(TASK REQUIREMENTS) Please set down the data again exactly, minus the pictures.

(DATASET EXTRACT)
· · ·

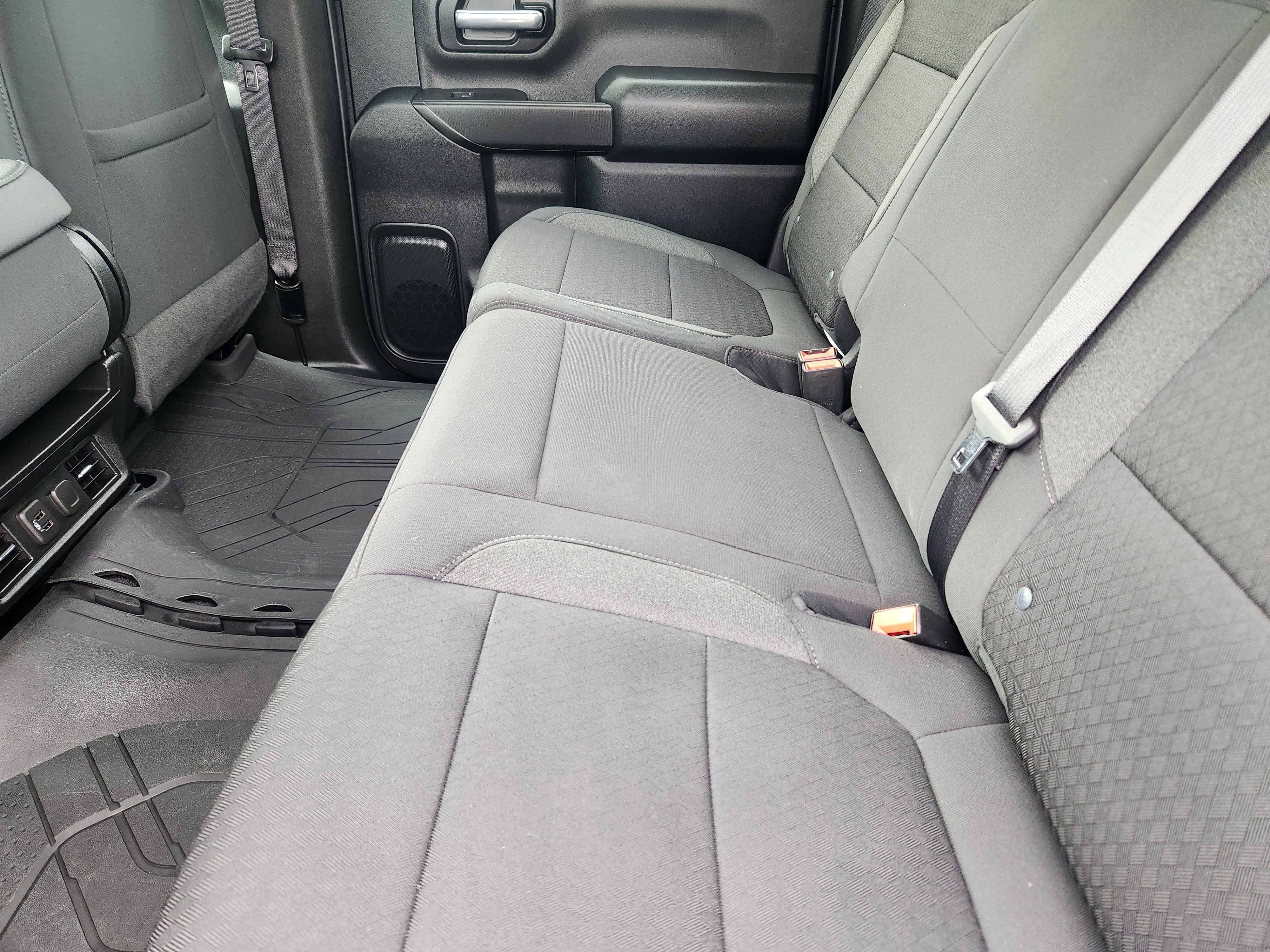 Used 2022 Chevrolet Silverado 3500 LT w/ Convenience Package image 10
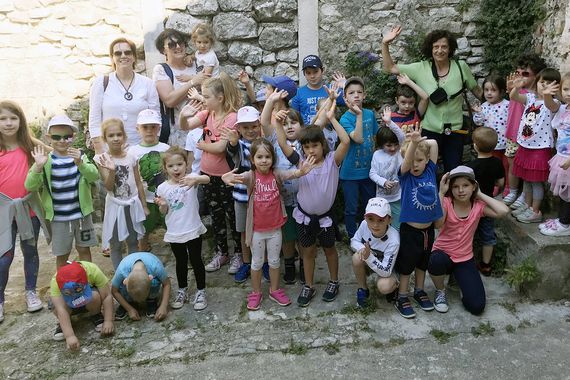 Mali Pazinjani posjetili Plomin: Tko je izgradio tako mali grad?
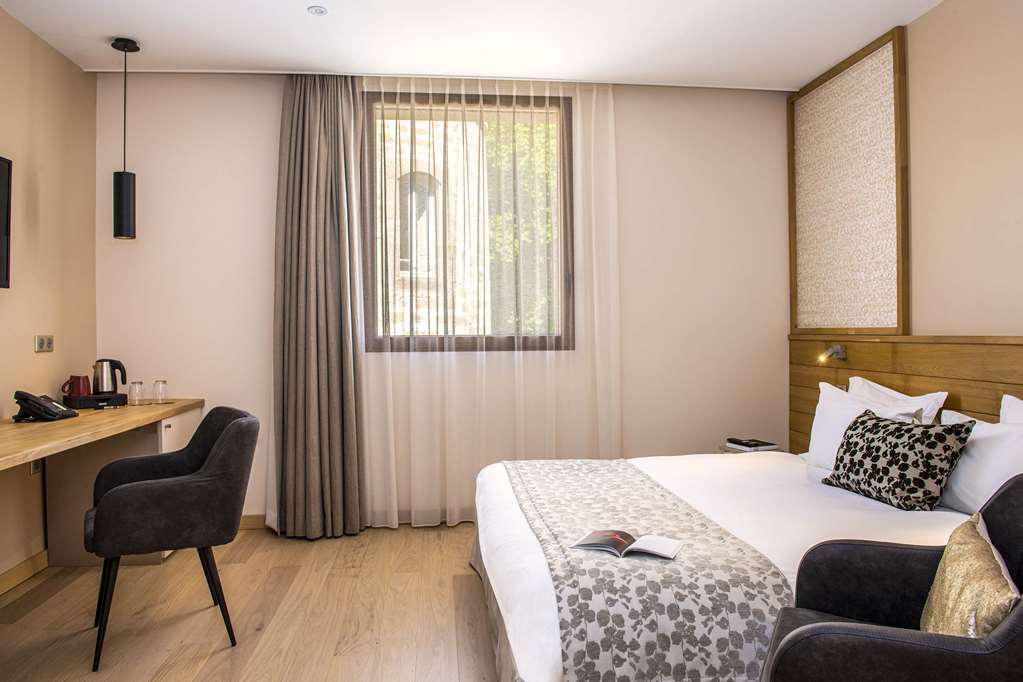 Chateau de Massillan-guestroom-Guest Room,On-Site.jpg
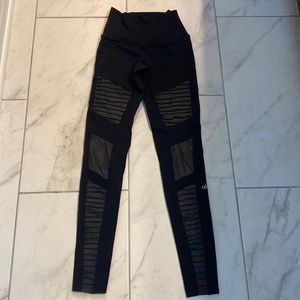 Black Alo XXS leggings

· · ·

(OUTPUT OF THE EXERCISE)
 Used 2022 Chevrolet Silverado 3500 LT w/ Convenience Package image 10
 Mali Pazinjani posjetili Plomin: Tko je izgradio tako mali grad?
 Chateau de Massillan-guestroom-Guest Room,On-Site.jpg
 Black Alo XXS leggings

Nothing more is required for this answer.